INSTRUCTIONS TO FOLLOW: In the entries below, find the line with "Hand Carved African Sculpture" and print exactly every line from there up to and including the line with "Basketbal Shredded Tissuepapier", with no other lines.

RECORD EXTRACTS:

-------------------------

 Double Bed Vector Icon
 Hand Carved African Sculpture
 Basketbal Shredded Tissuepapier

-------------------------

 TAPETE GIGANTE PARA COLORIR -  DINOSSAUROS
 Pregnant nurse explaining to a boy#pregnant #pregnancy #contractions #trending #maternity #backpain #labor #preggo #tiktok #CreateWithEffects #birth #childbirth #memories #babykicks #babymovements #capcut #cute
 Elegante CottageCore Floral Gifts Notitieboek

-------------------------

SOLUTION:
 Hand Carved African Sculpture
 Basketbal Shredded Tissuepapier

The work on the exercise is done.